BOISE, Idaho (AP) - The cases of a woman stabbed in Idaho and another strangled in Washington in the 1990s didn’t seem related until law enforcement officials realized through DNA evidence that they likely had the same killer.
Samples sent to a national DNA database provided no suspects, however.
Then last year agencies compared notes and discovered that a name on a slip of paper found in the Washington woman’s purse was the same as a name on a list kept by Idaho detectives.
DNA from a cigarette discarded by Lee Miller connected him to the crimes, and on Wednesday the 54-year-old Boise, Idaho, man was sentenced to life in prison.
“He wasn’t a suspect in either one of our cases at the time,” said Detective Martin Garland with the Bremerton Police Department in Washington. “But because he was the only person that was in both of our case files, we identified him as likely the person that was responsible.”
Miller was sentenced by both states on Wednesday in Idaho with Kitsap County, Washington, Judge Jeanette Dalton participating via video conference.
Miller earlier this year pleaded guilty in each case to second-degree murder for the 1994 stabbing death of 49-year-old Cheryle Barrett in Boise and the 1992 strangulation death of 57-year-old Marilyn Hickey in Bremerton, near Seattle.
The Idaho sentence is life with a minimum of 25 years, while the Washington sentence is 17 years. The sentences are to run consecutively, meaning Miller faces a minimum of 42 years in prison.
“I am very sorry for the pain that I’ve caused the families that have been affected by my past,” Miller said. “I don’t expect them to ever forgive me.

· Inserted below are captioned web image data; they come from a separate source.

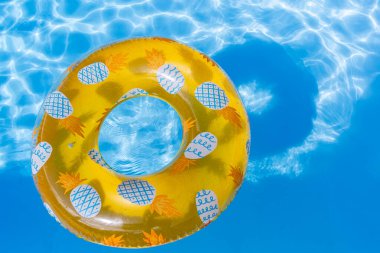 Yazın mavi dalgalar ve güneşli havuzda renkli bir şamandıra.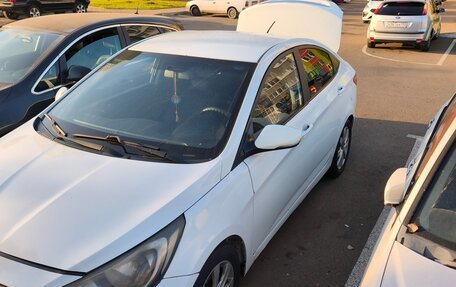 Hyundai Solaris II рестайлинг, 2012 год, 510 000 рублей, 2 фотография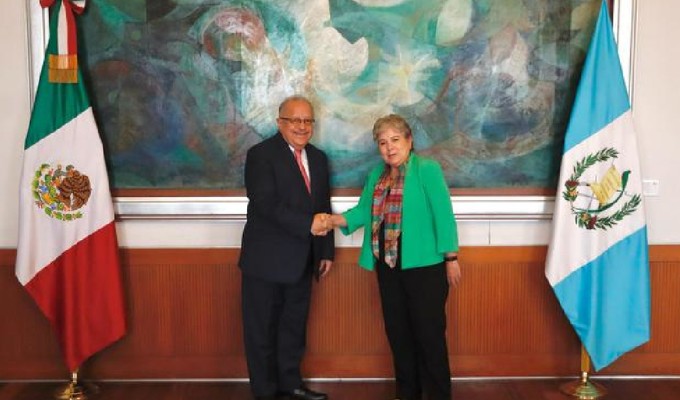 Canciller mexicana expresa preocupación por la seguridad de Jorge Glas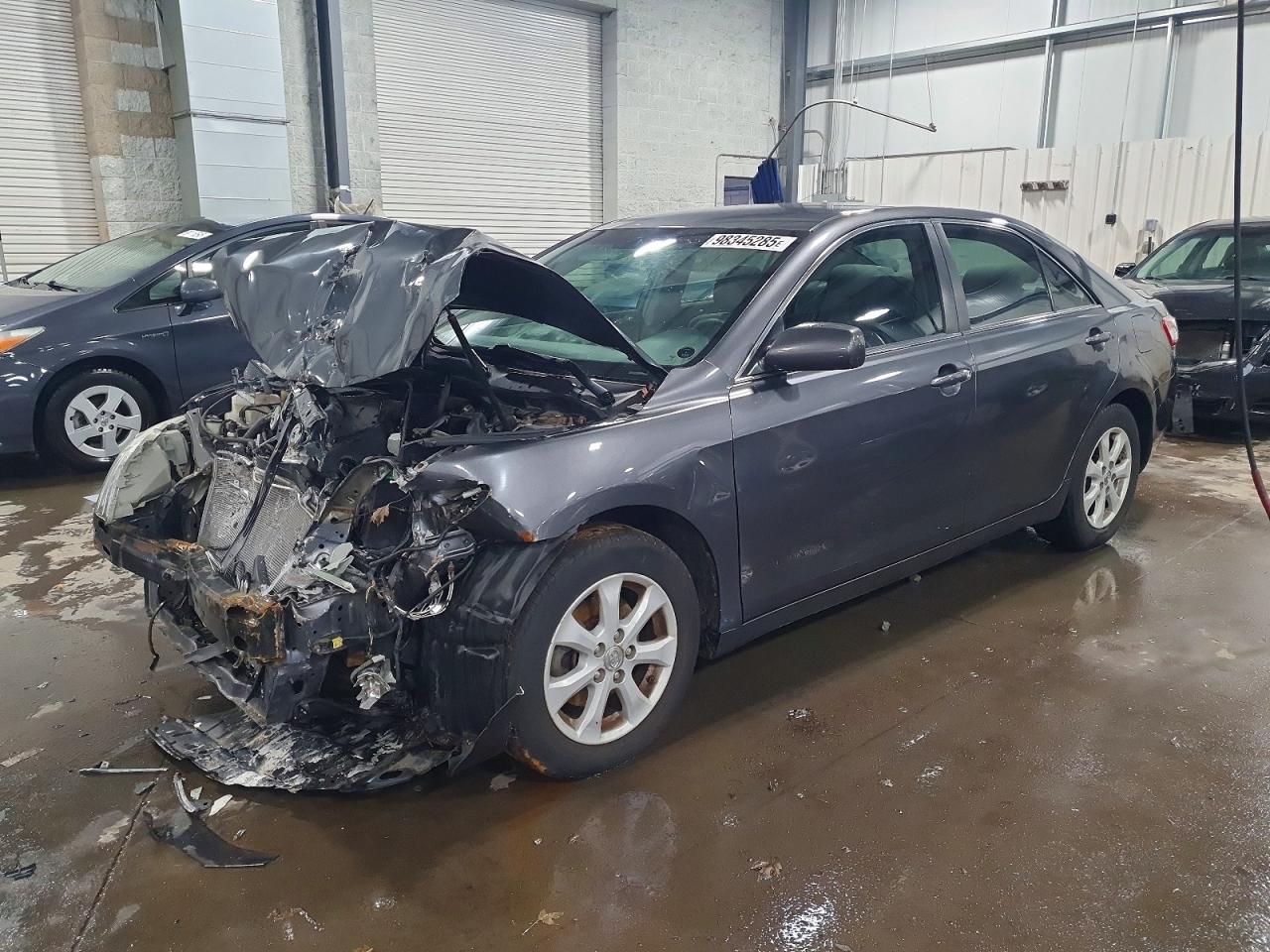 2010 TOYOTA CAMRY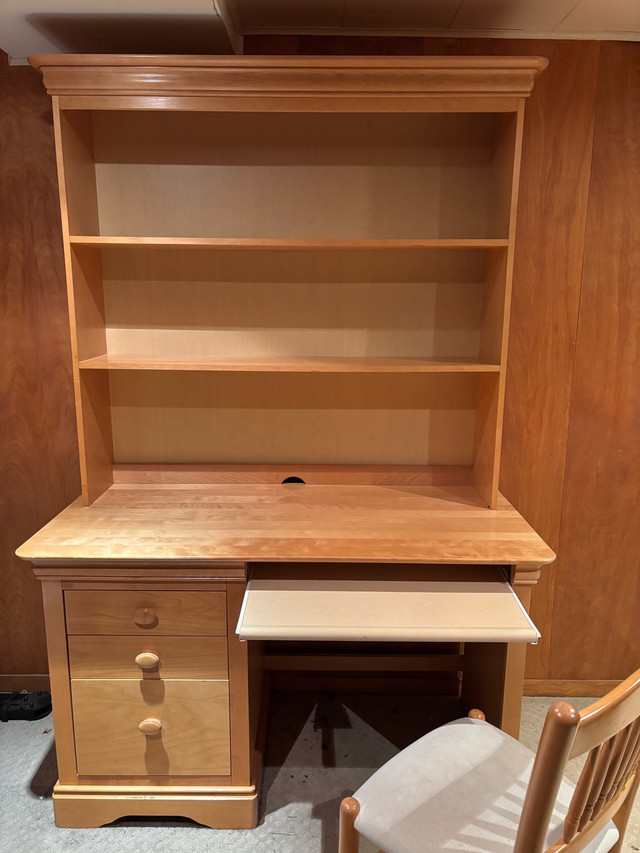 Solid Birch Desk in Desks in Hamilton - Image 2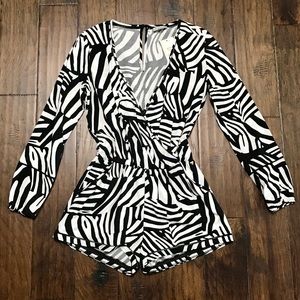 GUESS - NWT - white & black zebra print romper
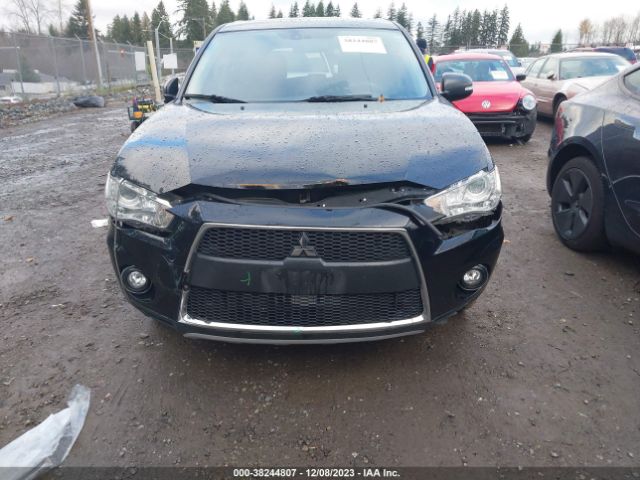 Photo 5 VIN: JA4JT5AX0BU017858 - MITSUBISHI OUTLANDER 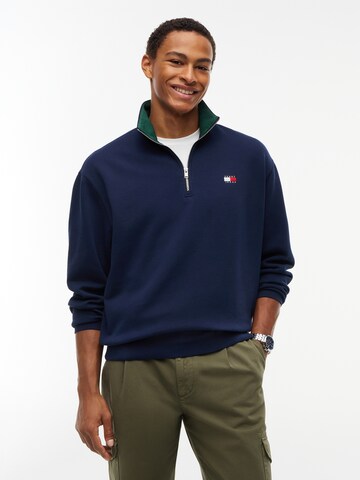 Tommy Jeans Sweatshirt in Blue: front
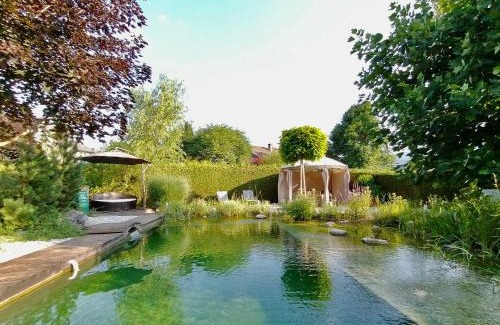 Bled Apartamento | Garden Paradise Bled Apartments - garden, pond and castle view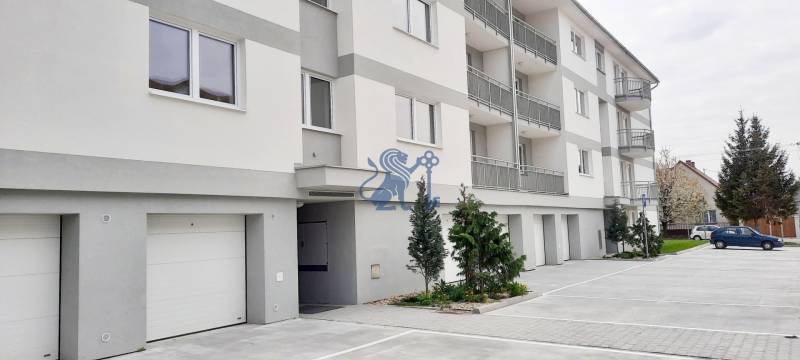 Na predaj 2 izb. byt s balkónom blízko centra, Chorvátsky Grob - Bytový dom na Školskej ulici v Chorvátskom Grobe so vstavanými garážami a parkovaním.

But I would just like them to know that I am very sorry.”
Miller’s defense attorney, Danica Comstock, said Miller had a difficult childhood with an abusive and alcoholic mother and stepfather, causing Miller to suffer from angry blackouts in his younger years. Miller had been involved in intimate relationships with Hickey and Barrett before he killed them, Comstock said.
Idaho 4th District Court Judge Steven Hippler said both deaths were violent, with both victims being brutalized.
In the years that followed the killings, Miller fathered two daughters, but he didn’t play a major role in their lives. In 2016 he moved to Boise to become the primary caregiver to at least one of his daughters. He’s also about to become a grandfather.
Hippler said that an added element of Miller’s punishment was losing the life he had begun to rebuild.